Jolicoeur: Development of a new class of immunogens for raising broadly neutralizing antibodies
This grant is based on the hypothesis that it should be possible to exploit anti-idiotype monoclonal antibodies (mAbs) as a tool to obtain mirror image representations of the HIV-1 Env neutralizing paratopes on anti-Env broadly neutralizing Abs (bNAbs), and then to use these anti-idiotypic Abs as immunogens. Such an anti-idiotypic Abs should mimic the Env conserved region targeted by the cognate anti-Env bNAb and, when used for immunization would be expected to generate a bNAb against HIV-1 Env in a single step. This approach could overcome the long maturation process and other problems when Env is used as an immunogen. The application originated from the Foundation’s Grand Challenges program.
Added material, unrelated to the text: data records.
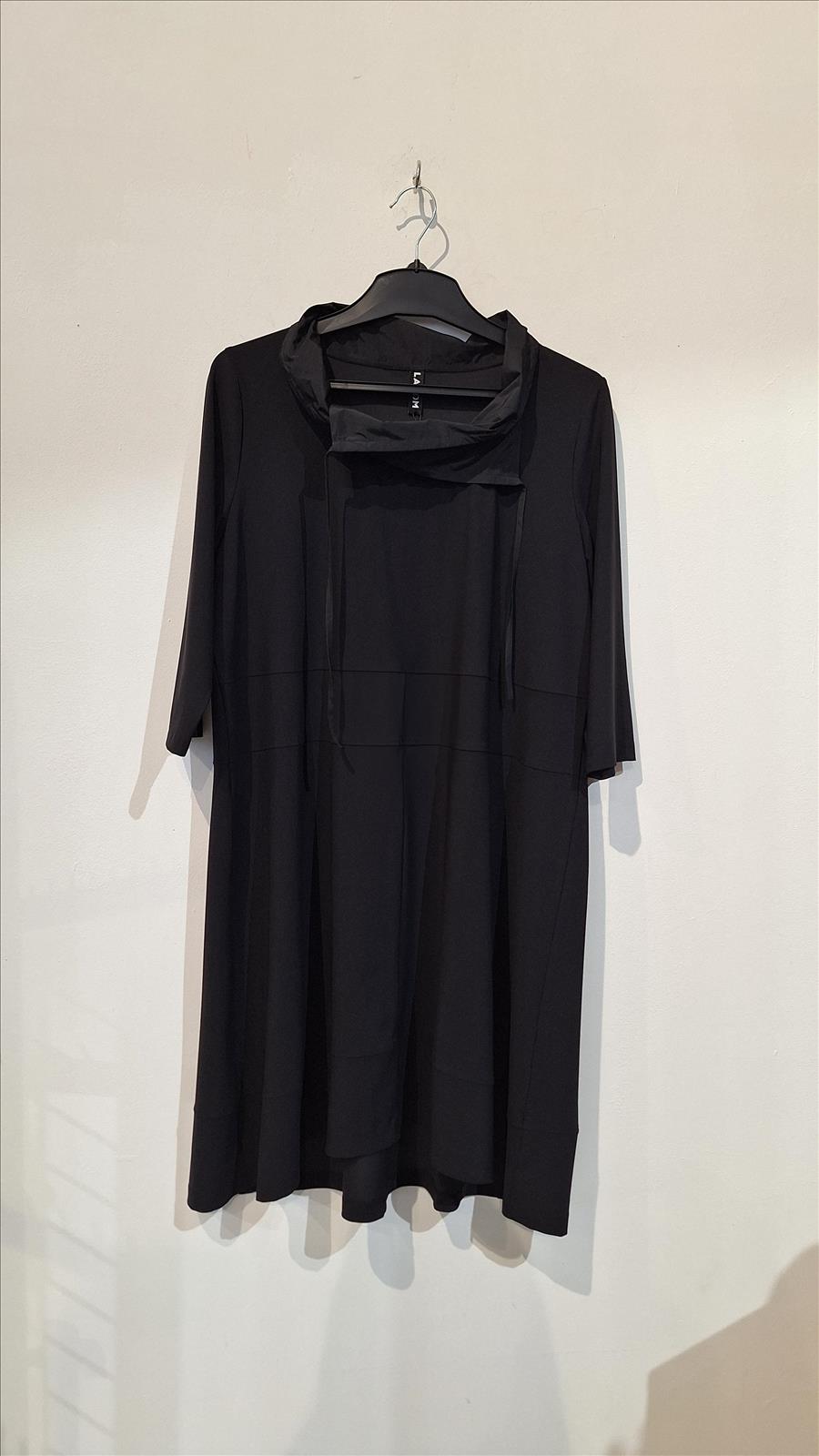 Modevertrieb Iryna Zeidler - DOB, Accessoires, Große Größen - MÜnchen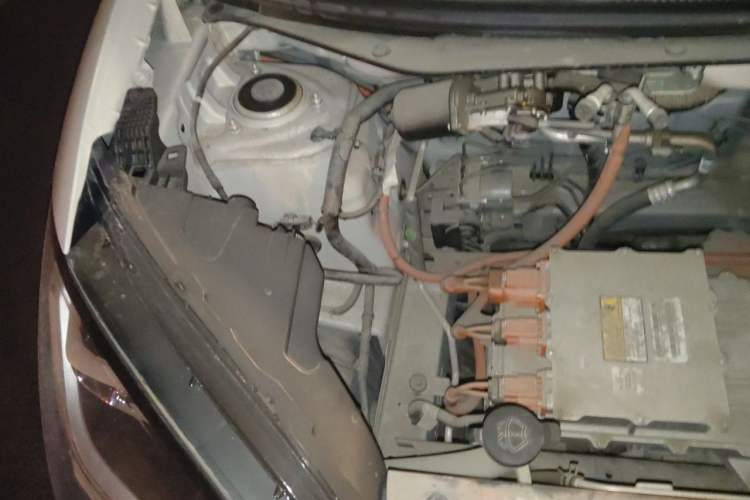 Used Wuling Bingo 2023 333 km Enjoyment Version Engine Bay Right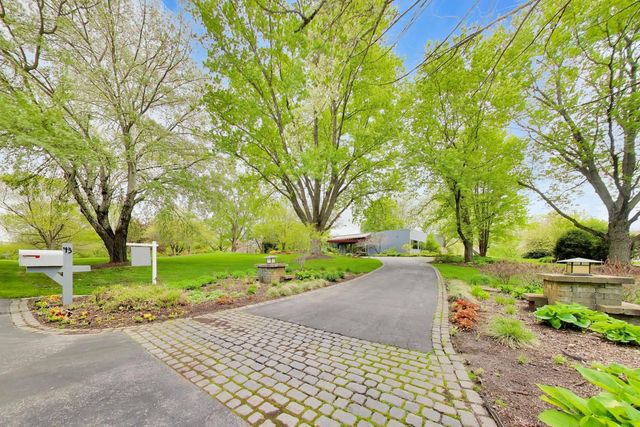 43 Overbrook Road, South Barrington, IL 60010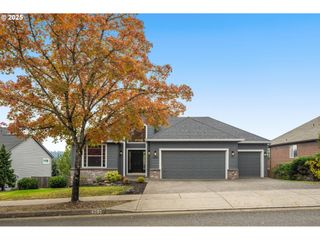 16090 Sw WHITE BIRD St, Beaverton, OR 97007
The program will generate anti-idiotypic Abs in llama immunized with anti-Env bNAbs. The choice of llama was based on the unique class of natural antibodies found in camelids. These antibodies have no light chain and are made of a single heavy chain whose short variable domain, designated VHH, is sufficient for antigenic recognition. VHH are very small and are capable of penetrating into small pockets of molecules, thus enhancing the chance to recognize the paratope 3D structure of the human anti-Env bNAb.
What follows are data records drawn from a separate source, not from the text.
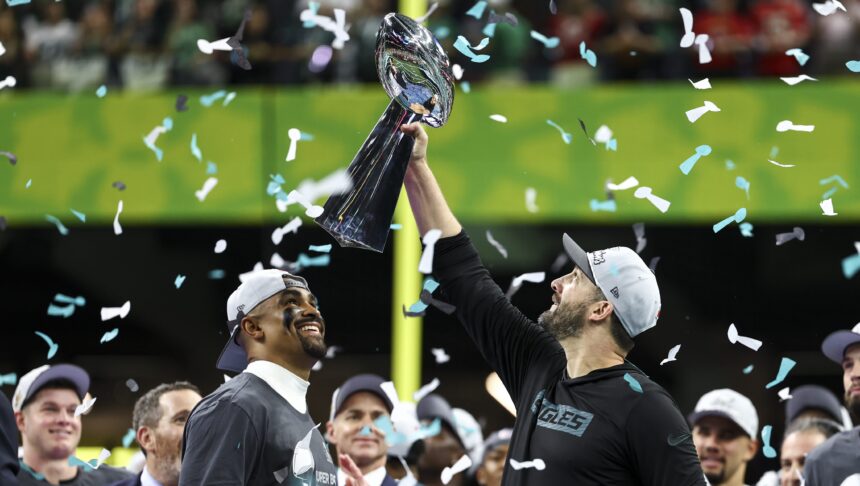 Quando è la sfilata di Eagles? Data dell'evento di vittoria post-Super Bowl-Hollywood Life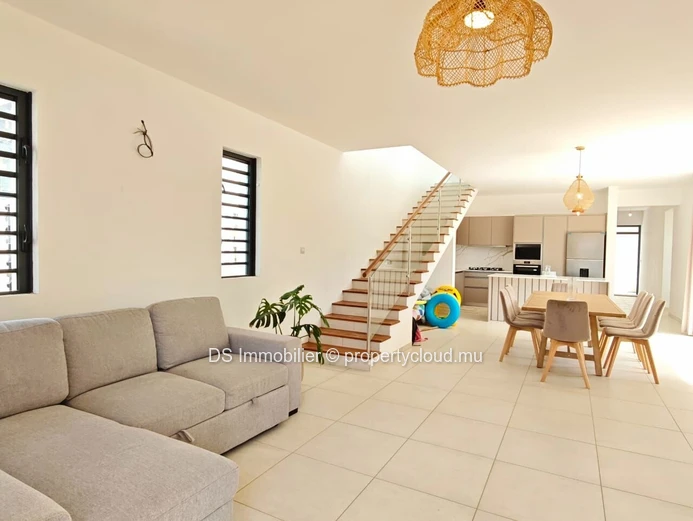 Spacious 5 Bedroom Villa + Office For Rent In Grand Baie - North (Sole Mandate)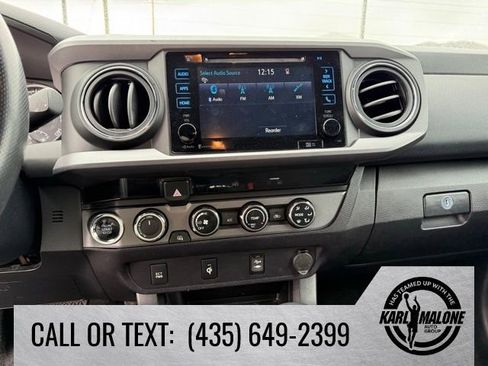 Used 2016 Toyota Tacoma TRD Sport w/ Towing Package AWD/4WD image 20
Anti-idiotypic llama VHH Ab will first be screened for the capacity to inhibit the neutralization of their cognate bNAb. For this initial screen, the program will take advantage of robust, established methods to generate libraries of VHH cDNA clones using RNA from PBMCs harvested from bNAb vaccinated animals. The cDNA clones are constructed in a GST expression context, with the VHH-GST protein readily produced in a semi-automated manner for ensuing assessment in a standardized in vitro neutralization competition assay against their cognate bNAb. VHH proteins passing this first screen will then be assessed for function in vivo (i.e. for their capacity as immunogen to generate anti-HIV neutralizing antibodies). For this latter stage, mice and guinea pigs will be immunized with anti-idiotypic VHH mAb proteins to generate anti-HIV bNAbs. Overall, the approach apprehends a broad diversity in the VHH libraries and funnels the anti-idiotype antibodies through a stringent screen.
The program is led by Paul Jolicoeur, MD, PhD at the Institut de Recherches Cliniques de Montréal, an affiliate of the Université de Montréal. The award was made in May 2016 with an estimated duration of 23 months.
1. Generating cDNA libraries of VHH clones, and producing VHH proteins from two cDNA libraries.
2. Screening VHH candidates capable of competing the neutralizing activity of their cognate bNAb
In vivo screening of pre-selected VHH candidates for their capacity to elicit an anti-HIV nAb activity.